Below is the basic process for dropping a pack in a standard home garage. Installing the pack is basically the reverse of this except you need to be MUCH more careful to line everything up so the rapid mates connect without damaging them.
Editorial Note: I recently helped with a pack install using a 2 post lift. To be fair, I don't have a bunch of experience using a lift and a shop doing battery swaps all the time is certainly going to use one but that said, we spent way more time repositioning the car to get the lift pads *just right* so they didn't interfere with battery going in/out than the time it would have taken to just do the job with 4 floor jacks. For a novice doing this once or for the first time, the floor jacks and a handy helper are actually easier to work with.
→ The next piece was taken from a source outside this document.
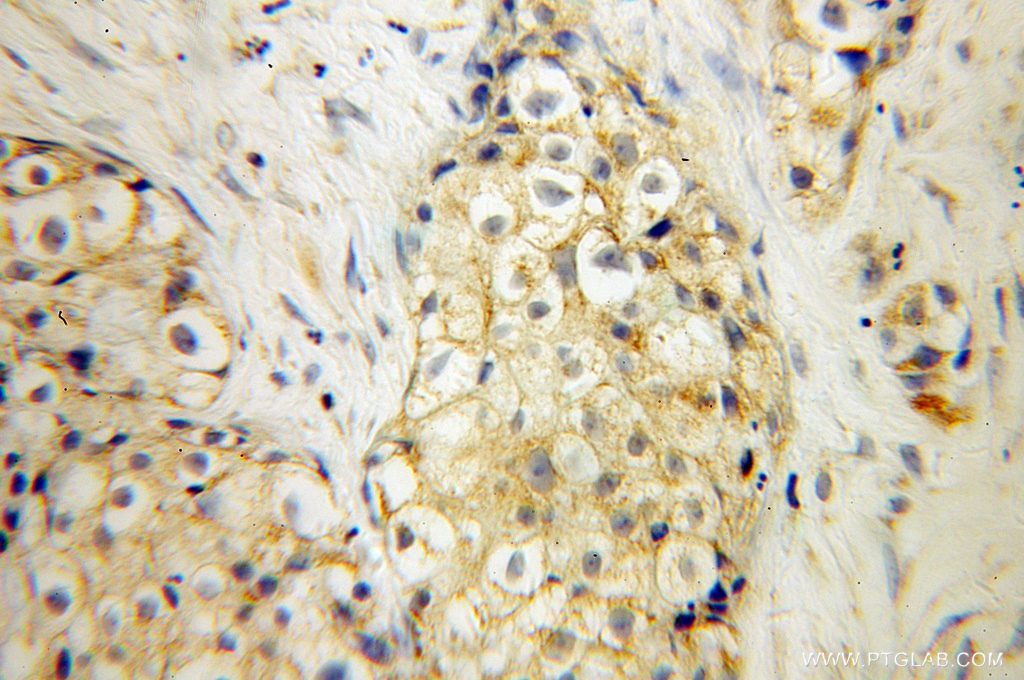 11811-1-AP;Lung cancer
You need a lot of various things to complete any major project but as a broad overview, you need 4 good floor jacks, 2 ramps, 2 heavy duty jack stands and 4 small furniture dollies. Read ahead and understand the process before you start and end up getting stuck. If it wasn't stated specifically, you do need two adjacent garage bays - one for the car and the other to roll the battery out. A single car garage or a tandem layout would be much harder to work with. You could also do the pack removal on a flat driveway but you do need a covered area to work on the pack.
Lift the car a bit and safely remove the plastic undertray covering the rear motor and subframe. There are a couple of plastic clips and a series of 10mm bolts and screws holding it up. This is the cover you remove to check the speed sensor for coolant described here. Once the rear subframe is exposed, you can lift the car fully by placing the 4 jack pucks in place and raising each corner with one of your jacks. A helper is very useful anytime you are using the jacks.
Place the ramps under the front wheels but 'backwards' so the ramp faces the front. You will need the area behind the front wheels to maneuver the pack out later. Place the jack stands under the thicker part of the rear subframe behind the motor. Place each on the outer edge near the vertical piece. Later, you will want to be able to get your torso between them. Any time you have a car in the air, give it a good shove to make sure it doesn't move. If it moves at all, it isn't stable so fix that first. Remove the rear wheel on the side you are going to roll the battery out. The left side works best for reinstalling if you have the option.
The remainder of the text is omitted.